Jo Baker takes a lot of liberties with P&P. I never thought of myself as a purist, but this bothered me. For instance, she insists on following the heavily trod (trodden? trode? whatever) path of Mary Bennet being infatuated with Mr. Collins. Know what it says in the book about that?

"Mary might have been prevailed on to accept him. She rated his abilities much higher than any of the others; there was a solidity in his reflections which often struck her, and though by no means so clever as herself, she thought that if encouraged to read and improve himself by such an example as her's [sic], he might become a very agreeable companion."

"She thinks he's a fixer-upper," my husband commented when I read this to him. But everybody -- movie-makers, Austen "sequel" writers -- somehow turns this into Mary adoring Mr. Collins from afar and longing to have him as her own. And of course Baker follows suit.

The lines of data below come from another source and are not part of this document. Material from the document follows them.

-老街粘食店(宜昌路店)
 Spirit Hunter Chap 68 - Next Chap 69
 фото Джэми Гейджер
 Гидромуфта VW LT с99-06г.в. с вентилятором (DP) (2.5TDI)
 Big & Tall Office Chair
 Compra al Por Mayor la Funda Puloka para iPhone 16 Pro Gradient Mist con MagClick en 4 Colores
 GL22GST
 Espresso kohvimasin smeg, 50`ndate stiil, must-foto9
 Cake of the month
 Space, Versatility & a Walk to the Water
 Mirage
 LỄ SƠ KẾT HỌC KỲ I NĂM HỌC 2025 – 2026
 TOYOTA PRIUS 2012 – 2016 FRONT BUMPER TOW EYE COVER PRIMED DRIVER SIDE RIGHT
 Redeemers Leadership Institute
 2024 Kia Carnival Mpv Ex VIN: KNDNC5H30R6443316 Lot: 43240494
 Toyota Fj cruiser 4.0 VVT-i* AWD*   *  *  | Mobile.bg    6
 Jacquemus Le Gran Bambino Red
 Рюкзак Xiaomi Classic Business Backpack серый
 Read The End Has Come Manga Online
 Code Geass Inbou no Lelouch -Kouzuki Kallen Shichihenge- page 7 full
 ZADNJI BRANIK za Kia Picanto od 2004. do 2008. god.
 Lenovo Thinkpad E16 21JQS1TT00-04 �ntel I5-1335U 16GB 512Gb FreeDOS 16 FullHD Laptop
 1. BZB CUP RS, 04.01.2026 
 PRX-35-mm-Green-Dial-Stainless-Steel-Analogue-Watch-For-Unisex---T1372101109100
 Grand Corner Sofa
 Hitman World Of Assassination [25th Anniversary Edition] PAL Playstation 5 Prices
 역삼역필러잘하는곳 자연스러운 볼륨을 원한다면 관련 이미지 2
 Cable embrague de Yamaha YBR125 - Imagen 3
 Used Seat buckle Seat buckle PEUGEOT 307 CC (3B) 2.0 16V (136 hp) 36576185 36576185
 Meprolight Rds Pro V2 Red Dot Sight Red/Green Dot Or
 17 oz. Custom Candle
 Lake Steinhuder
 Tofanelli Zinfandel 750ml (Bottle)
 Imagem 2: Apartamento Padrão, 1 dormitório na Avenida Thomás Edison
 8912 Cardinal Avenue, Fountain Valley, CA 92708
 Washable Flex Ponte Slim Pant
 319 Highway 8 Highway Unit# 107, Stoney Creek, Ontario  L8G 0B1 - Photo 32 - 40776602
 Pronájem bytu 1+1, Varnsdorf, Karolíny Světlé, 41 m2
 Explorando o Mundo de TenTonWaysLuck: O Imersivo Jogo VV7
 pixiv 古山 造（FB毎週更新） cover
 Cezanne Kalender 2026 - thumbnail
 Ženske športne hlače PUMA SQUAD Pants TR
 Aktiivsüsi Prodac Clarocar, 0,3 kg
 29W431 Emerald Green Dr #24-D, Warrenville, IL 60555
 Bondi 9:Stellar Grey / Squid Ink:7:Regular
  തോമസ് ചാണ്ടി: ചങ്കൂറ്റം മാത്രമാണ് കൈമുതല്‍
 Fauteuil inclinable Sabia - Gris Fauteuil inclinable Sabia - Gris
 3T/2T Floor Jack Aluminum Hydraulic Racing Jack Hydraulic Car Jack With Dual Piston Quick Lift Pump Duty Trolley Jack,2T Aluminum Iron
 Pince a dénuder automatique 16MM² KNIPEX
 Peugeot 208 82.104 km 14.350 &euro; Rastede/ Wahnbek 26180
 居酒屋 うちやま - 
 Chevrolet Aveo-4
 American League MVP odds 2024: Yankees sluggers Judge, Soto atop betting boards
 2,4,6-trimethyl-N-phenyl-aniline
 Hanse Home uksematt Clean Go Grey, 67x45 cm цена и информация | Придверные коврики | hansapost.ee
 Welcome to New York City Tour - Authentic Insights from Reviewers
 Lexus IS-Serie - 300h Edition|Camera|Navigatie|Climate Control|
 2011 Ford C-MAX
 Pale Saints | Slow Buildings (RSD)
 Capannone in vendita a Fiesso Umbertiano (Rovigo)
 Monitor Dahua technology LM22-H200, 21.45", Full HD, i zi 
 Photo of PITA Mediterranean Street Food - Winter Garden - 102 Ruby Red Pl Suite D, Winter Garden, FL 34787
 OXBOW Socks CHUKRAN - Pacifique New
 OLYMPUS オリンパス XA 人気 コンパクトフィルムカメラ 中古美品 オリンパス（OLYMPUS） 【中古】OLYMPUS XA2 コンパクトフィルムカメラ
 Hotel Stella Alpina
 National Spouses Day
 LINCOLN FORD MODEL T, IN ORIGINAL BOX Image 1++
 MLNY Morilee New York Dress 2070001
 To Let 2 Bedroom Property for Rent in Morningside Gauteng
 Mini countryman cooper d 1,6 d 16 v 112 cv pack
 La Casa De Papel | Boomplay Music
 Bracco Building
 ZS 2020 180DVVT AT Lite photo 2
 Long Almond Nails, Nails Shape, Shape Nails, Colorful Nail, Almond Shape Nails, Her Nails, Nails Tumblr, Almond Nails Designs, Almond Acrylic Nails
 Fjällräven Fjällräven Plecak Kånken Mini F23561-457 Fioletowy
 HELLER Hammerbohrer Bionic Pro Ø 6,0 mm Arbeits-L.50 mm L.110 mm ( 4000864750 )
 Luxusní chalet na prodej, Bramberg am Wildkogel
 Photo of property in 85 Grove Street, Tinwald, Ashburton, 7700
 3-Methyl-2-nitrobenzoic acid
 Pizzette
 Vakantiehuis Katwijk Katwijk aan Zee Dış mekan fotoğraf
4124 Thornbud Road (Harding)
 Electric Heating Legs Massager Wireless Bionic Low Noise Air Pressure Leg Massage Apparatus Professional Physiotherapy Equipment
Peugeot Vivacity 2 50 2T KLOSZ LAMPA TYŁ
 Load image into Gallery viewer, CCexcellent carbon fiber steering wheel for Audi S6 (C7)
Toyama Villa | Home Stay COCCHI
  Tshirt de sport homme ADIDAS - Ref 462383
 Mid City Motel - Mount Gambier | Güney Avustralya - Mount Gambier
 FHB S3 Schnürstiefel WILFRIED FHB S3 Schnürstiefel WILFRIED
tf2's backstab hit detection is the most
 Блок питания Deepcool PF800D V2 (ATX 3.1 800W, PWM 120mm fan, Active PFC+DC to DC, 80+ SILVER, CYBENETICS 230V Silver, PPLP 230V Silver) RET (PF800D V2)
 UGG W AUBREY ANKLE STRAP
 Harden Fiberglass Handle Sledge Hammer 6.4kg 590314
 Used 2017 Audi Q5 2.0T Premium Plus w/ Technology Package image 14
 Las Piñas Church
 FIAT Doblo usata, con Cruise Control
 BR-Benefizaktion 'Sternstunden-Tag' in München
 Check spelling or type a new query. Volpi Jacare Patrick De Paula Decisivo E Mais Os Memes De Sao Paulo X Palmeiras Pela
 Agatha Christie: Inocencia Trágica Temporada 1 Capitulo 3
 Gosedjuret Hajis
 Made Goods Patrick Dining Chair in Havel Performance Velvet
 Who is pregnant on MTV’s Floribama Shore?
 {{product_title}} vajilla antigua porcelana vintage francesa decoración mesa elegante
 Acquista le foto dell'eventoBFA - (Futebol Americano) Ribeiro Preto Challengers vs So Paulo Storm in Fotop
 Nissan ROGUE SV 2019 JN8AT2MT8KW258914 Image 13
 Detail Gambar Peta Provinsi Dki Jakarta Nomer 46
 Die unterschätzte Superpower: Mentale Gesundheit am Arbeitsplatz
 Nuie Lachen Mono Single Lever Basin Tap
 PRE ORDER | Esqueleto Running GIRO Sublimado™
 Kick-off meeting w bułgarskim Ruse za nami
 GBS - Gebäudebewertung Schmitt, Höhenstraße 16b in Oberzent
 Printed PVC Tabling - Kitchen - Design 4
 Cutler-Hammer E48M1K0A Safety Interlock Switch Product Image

She also features quotations from P&P at the beginning of every chapter. Except in the flashback section, where they wouldn't make sense. Except I don't think they make sense anywhere. What are they supposed to be? Messages from God?

Anyway. Back to the liberties. Mary's in love. Mr. Collins is a really nice guy, not at all pompous or judgmental. Mr. Bennet has a lot of lines, and one of them is cuttingly sarcastic. One.

Are you ishing me?

Speaking of ish: Baker talks about it a lot. By name. It is, apparently, everywhere in Regency England. You couldn't open your carriage door without smacking into a load of ish. I'm surprised the publisher didn't offer a special scratch-and-sniff edition of Longbourn, just to get the point across. Point being: Wow, you guys, was there a lot of manure in the bad old days.

You know what there wasn't? The kind of 21st-century thinking Baker gives her miserable underclass characters. The line about how Miss Bennet could be a little more careful of her things was perfect. But there's no way a teenaged maidservant in the eighteenth century was thinking, "Really no one should have to deal with another person's dirty linen."

Really? This little revolutionary decided all on her own not that laundry day sucks -- a sentiment that holds true to this very day -- but that all people should have the doing of their own underthings?

Similarly, Mrs. Hill the housekeeper is often burdened by Mrs. Bennet's emotional demands. Mrs. Hill has quite enough work to do to fill her day already without having to offer a shoulder to cry on just when the bread is rising. That works. I love that.

This very Mrs. Hill -- overworked, miserable, a character who seems to exist only to be taken advantage of -- is the one who decides near the end of the book that, really, there's not much difference between living as a servant and being a genteel lady. "The end was all the same."

I mentioned this is a happy book, right?

The writing is very, very good. The author has clearly done her research, and it shows without seeming show-offy.

But in the end, this book was just. A. Bummer.